▶ **About this task**
Dropping every picture, set down exactly the lines in the entries below, starting with the line with "Fototapeta na wymiar" and going on through the line with "olivercrocker's tweet photo.".

▶ **Data for this exercise**

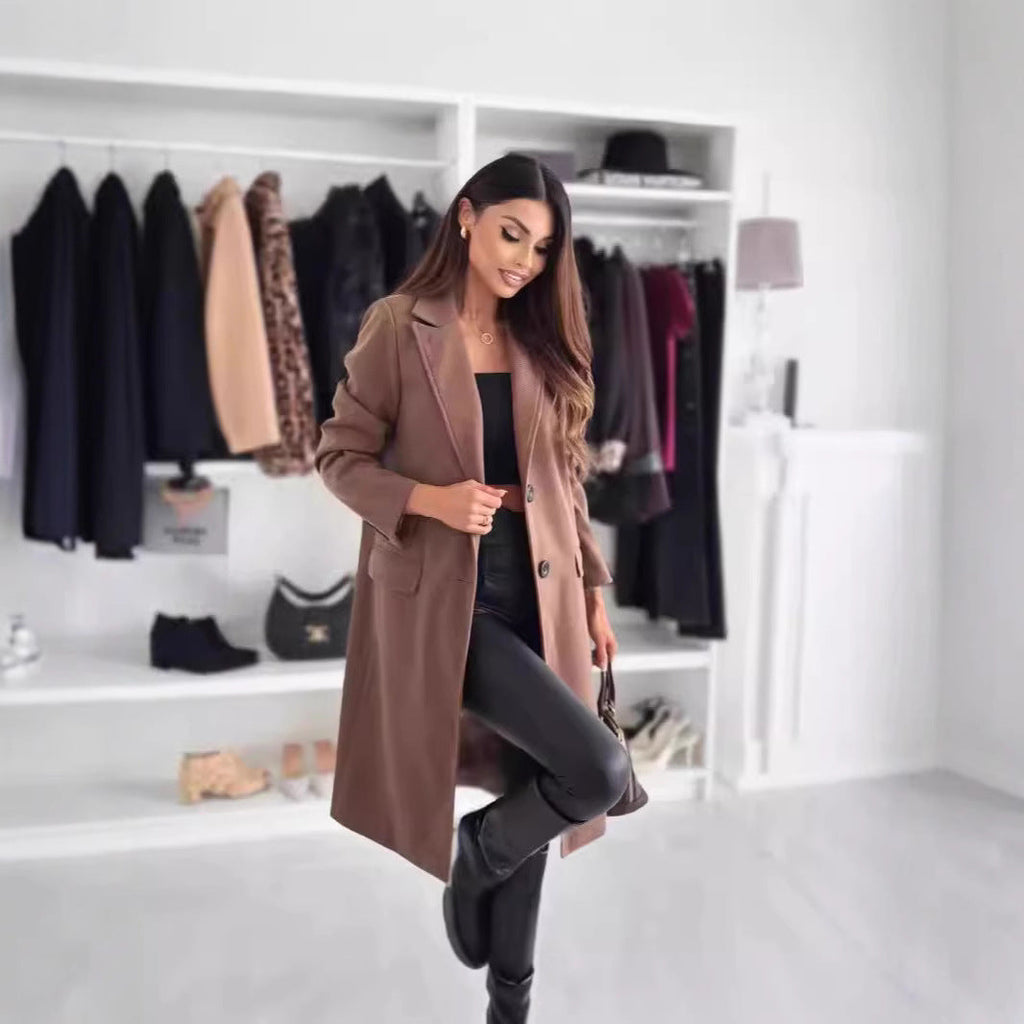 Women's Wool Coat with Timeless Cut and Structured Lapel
==
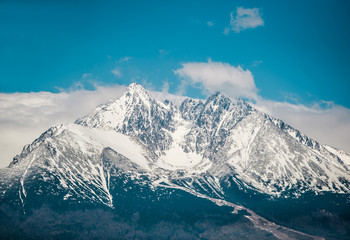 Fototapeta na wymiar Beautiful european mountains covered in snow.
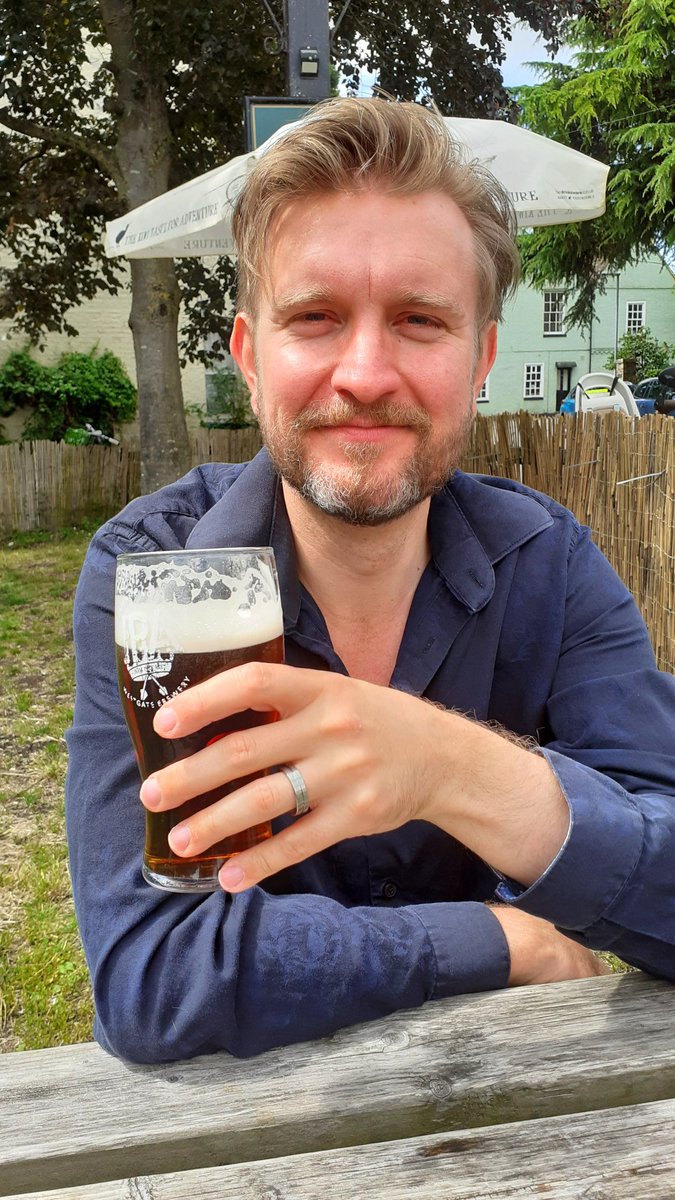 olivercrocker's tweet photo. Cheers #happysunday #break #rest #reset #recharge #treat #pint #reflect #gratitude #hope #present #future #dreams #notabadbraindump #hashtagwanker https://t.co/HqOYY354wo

▶ **Answer section**
 Fototapeta na wymiar Beautiful european mountains covered in snow.
 olivercrocker's tweet photo. Cheers #happysunday #break #rest #reset #recharge #treat #pint #reflect #gratitude #hope #present #future #dreams #notabadbraindump #hashtagwanker https://t.co/HqOYY354wo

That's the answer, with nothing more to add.